Padahal dalam konteks ekologis, taman kota memiliki peran yang sangat penting. Selain sebagai ruang terbuka hijau yang menjadi paru-paru kota karena fungsinya yang menyerap karbondioksida dan menghasilkan oksigen, taman kota juga penting sebagai resapan air yang nantinya mendukung ketersediaan air bagi penduduk kota.

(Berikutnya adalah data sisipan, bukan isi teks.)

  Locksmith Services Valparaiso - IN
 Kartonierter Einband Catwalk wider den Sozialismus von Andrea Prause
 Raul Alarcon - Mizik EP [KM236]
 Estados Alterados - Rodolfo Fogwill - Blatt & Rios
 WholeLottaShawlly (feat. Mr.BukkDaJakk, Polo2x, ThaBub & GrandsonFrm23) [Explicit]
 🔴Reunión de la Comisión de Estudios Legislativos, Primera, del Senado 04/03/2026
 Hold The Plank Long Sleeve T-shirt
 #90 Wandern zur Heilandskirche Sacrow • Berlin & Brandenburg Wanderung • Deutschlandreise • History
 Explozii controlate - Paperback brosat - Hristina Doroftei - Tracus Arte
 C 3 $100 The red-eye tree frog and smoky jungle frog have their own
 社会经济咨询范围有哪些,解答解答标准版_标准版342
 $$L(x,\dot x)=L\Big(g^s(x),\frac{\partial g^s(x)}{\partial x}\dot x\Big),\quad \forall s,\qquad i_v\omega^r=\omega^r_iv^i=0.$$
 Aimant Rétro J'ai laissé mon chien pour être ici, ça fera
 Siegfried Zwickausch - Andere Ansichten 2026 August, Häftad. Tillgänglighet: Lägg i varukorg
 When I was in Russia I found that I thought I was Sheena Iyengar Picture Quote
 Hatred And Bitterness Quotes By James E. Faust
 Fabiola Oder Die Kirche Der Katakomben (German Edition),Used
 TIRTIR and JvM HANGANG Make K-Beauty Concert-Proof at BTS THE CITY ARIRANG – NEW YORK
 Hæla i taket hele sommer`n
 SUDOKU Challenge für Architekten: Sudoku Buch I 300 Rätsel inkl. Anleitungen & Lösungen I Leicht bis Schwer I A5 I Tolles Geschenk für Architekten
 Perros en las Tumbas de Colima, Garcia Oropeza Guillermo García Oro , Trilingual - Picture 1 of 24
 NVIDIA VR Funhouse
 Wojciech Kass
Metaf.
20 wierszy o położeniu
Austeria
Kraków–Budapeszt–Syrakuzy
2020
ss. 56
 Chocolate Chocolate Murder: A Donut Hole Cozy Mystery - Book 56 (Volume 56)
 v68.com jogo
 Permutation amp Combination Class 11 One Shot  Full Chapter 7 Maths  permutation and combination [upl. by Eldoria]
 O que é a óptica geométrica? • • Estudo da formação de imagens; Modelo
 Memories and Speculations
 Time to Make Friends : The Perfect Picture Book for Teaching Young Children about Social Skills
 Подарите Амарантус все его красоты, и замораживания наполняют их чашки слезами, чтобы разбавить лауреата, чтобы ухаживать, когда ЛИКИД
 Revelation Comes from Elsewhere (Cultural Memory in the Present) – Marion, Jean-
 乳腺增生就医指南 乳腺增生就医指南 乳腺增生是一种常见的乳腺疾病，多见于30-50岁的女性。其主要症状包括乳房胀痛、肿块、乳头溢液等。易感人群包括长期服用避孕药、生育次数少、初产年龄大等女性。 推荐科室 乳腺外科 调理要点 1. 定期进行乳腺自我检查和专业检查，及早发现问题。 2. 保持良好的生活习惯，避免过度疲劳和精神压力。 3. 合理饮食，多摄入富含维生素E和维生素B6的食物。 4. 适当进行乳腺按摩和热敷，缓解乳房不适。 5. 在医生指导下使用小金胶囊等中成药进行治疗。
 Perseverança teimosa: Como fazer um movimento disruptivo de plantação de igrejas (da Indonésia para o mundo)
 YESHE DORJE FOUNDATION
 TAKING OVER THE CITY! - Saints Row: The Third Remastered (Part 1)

Taman kota juga berfungsi sebagai sarana untuk melestarikan plasma nutfah. Taman kota adalah bentuk pelestarian keanekaragaman hayati diluar kawasan konservasi. Tanaman langka yang berada di taman dapat menjadi referensi dan edukasi terhadap publik.

Melihat kerusakan tersebut, bagi penyelenggara acara, MS Sembiring meminta untuk lebih bijaksana dalam memilih lokasi kegiatan. Jika harus menggunakan taman, maka penyelenggara harus memiliki tanggung jawab yang tinggi untuk ikut menjaga taman tersebut. Karena kerusakan yang terjadi justru mencoreng muka penyelenggara acara itu sendiri. Penyelenggara acara seharusnya justru ikut memberikan pendidikan pada masyarakat tentang menjaga lingkungan.

Kemudian, MS Sembiring juga menghimbau kepada pemerintah daerah untuk lebih proaktif dalam menjaga taman-taman ini. "Peraturan dan izin harus diperjelas sehingga penggunanya akan lebih bertanggung jawab," katanya. Taman sebagai fasilitas umum memang harus digunakan oleh masyarakat, akan tetapi pemerintah juga harus aktif untuk memberikan batasan-batasan yang jelas agar ke depan tidak ada lagi taman-taman yang rusak karena sebuah acara. Batasan dan aturan tersebut harus disosialisasikan dengan jelas.

Selain adanya kerusakan di Taman Bungkul, acara yang sama juga membuat tumpukan sampah di Balikota Bandung di Jalan Wastukencana. Hal seperti ini tentunya dapat dihindarkan jika penyelenggara acara dan pengunjungnya peduli terhadap lingkungan.